J. Michael Walsh
President and CEO
Core-Mark Holding Co. Inc.

It would be tough to overstate how important the company J. Michael Walsh leads is to the c-store industry. As one of the largest broad-line, full-service distributors of packaged consumer products to the convenience retail industry in North America, Core-Mark provides distribution and logistics services as well as marketing programs to more than 24,000 retail locations across the U.S. and Canada.

Walsh has served as Core-Mark’s president and CEO since March 2003, and as a director since August 2004, overseeing distribution of packaged consumables (including cigarettes, tobacco, candy, snacks, grocery items, nonalcoholic beverages, and health and beauty aids) to convenience retailers, mass merchandisers, and drug, liquor and specialty stores.

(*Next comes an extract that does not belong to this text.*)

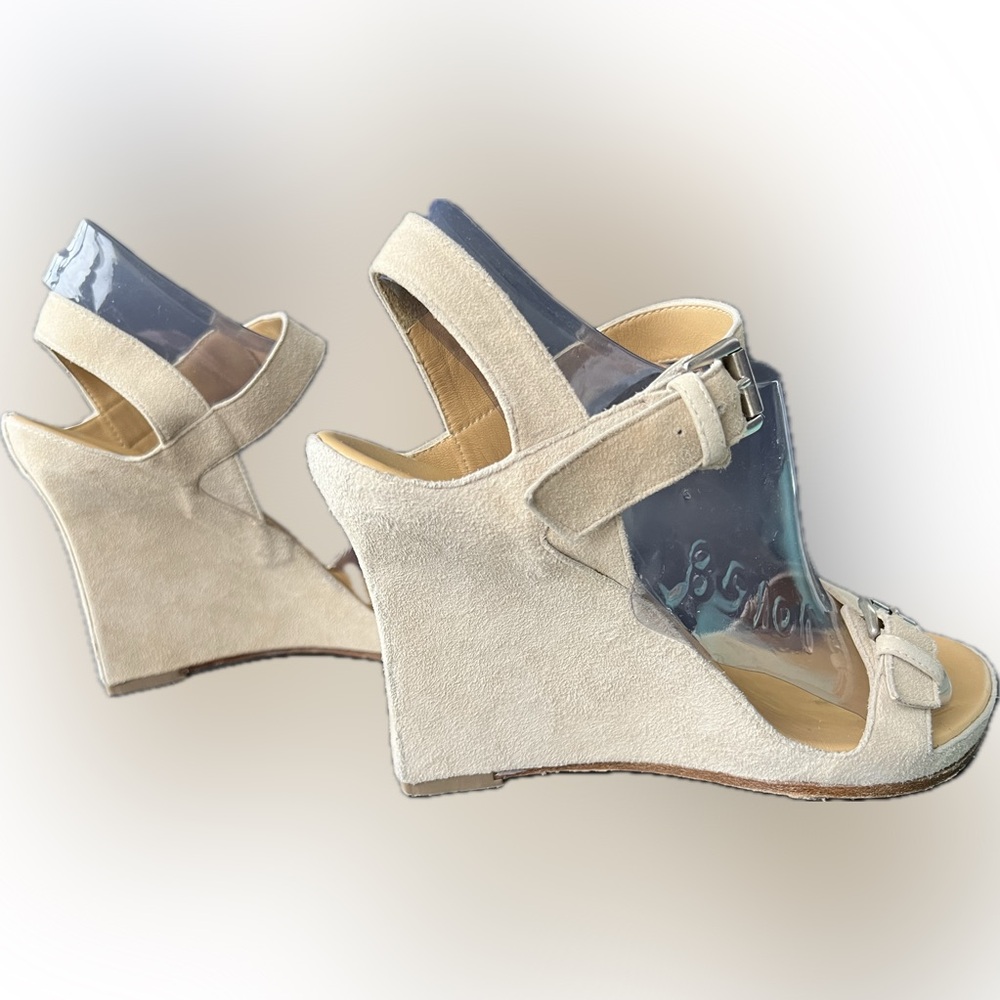 Ann Demeulemeester Beige Suede Wedge Sandals with Clear Panels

Sometimes described as the “phoenix of smokes and snacks distributors,” Core-Mark was the sole entity to emerge from the ashes of the Fleming Cos. 2003 bankruptcy. Yet, even in a distressed economy, the company has continued to prosper. The company’s gross profit for the third quarter of 2008 was $93.9 million, $8.7 million higher than the same period in 2007. “We are pleased with the strength of our revenues and positive trends in the food/non-food margins, and while more work is needed, we are realizing some leveraging of our operating expenses,” Walsh said.

Cigarettes, which account for about one-third of c-store sales, make up more than two-thirds of Core-Mark’s sales. The company’s customers include Couche-Tard, Maverik and Valero. The firm serves customers in 45 U.S. states and five Canadian provinces.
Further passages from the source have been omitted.